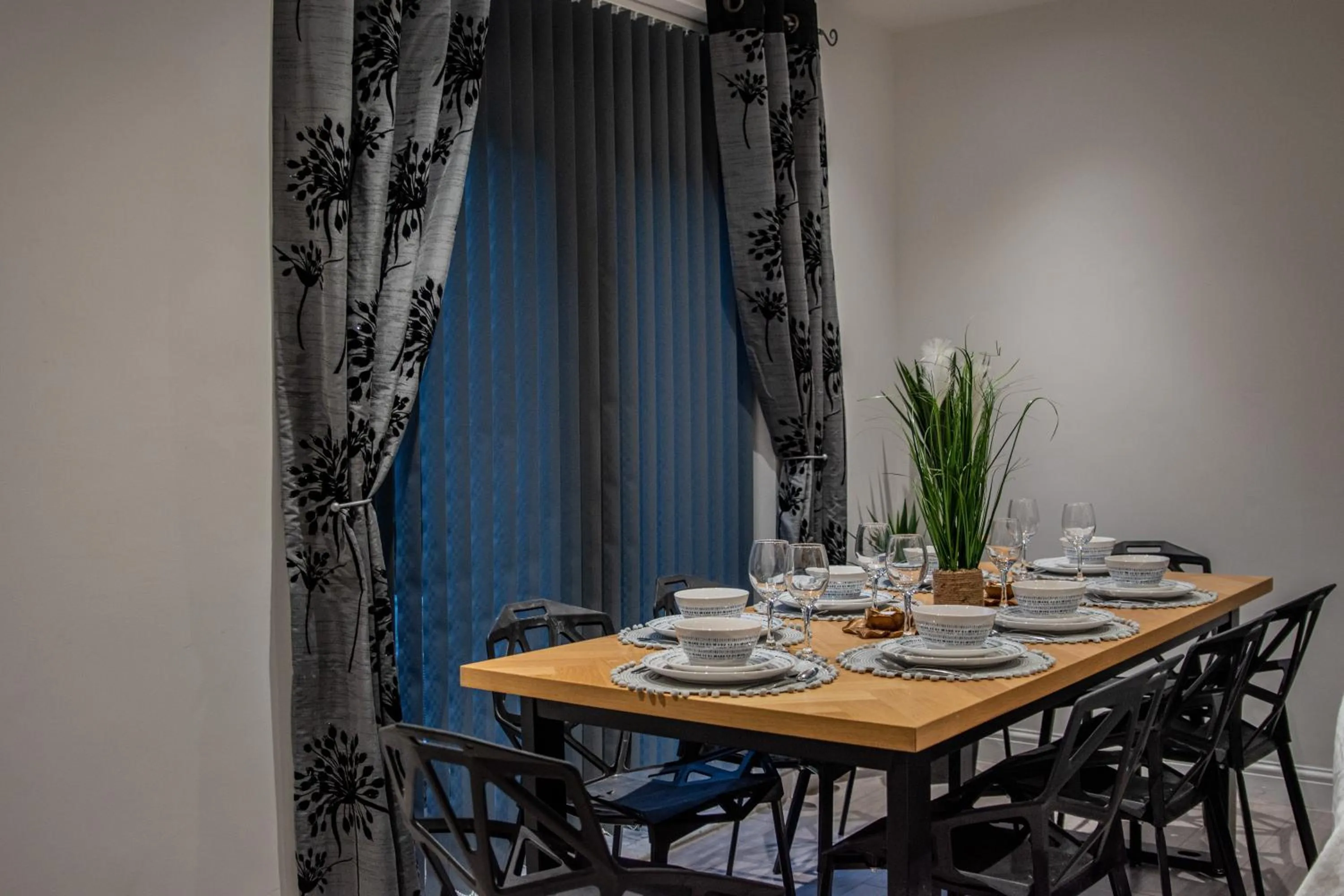 Dining area in BV Comfy Spacious 3 Bedroom House At Tatton Street Manchester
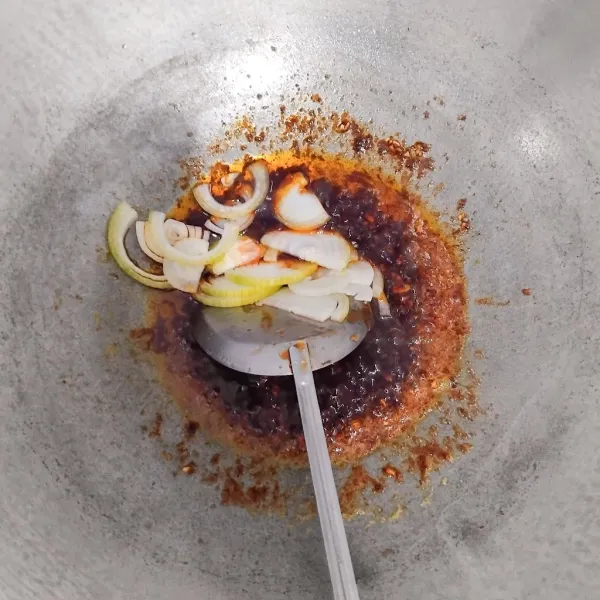 Masukkan bawang bombay, masak sampai layu.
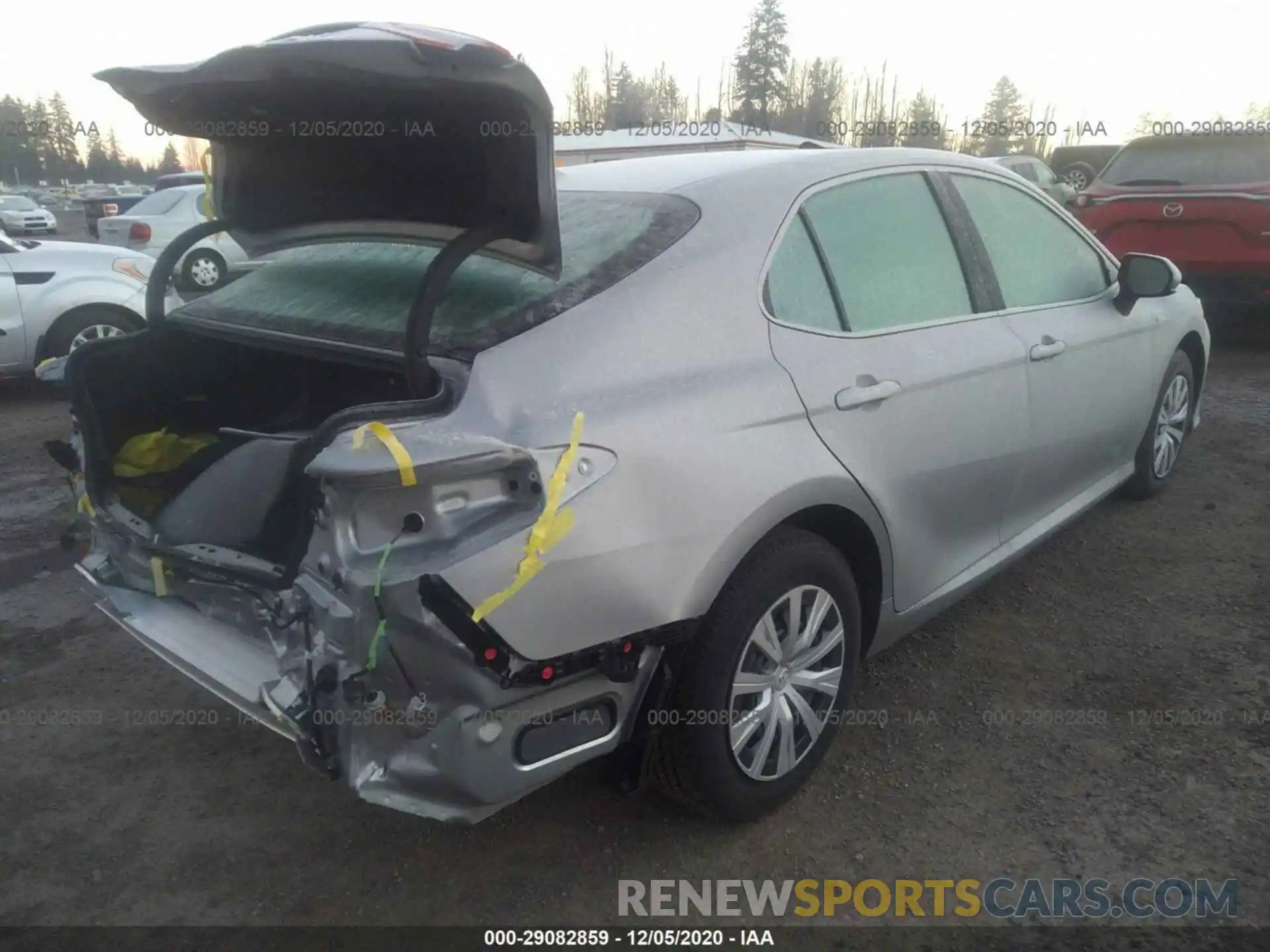 4 Photograph of a damaged car 4T1C31AK4LU533357 TOYOTA CAMRY 2020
######
▸ What to do: Make an exact copy of the listing. Do not carry over its pictures.

▸ Answer to this problem:
 Dining area in BV Comfy Spacious 3 Bedroom House At Tatton Street Manchester
 Masukkan bawang bombay, masak sampai layu.
 4 Photograph of a damaged car 4T1C31AK4LU533357 TOYOTA CAMRY 2020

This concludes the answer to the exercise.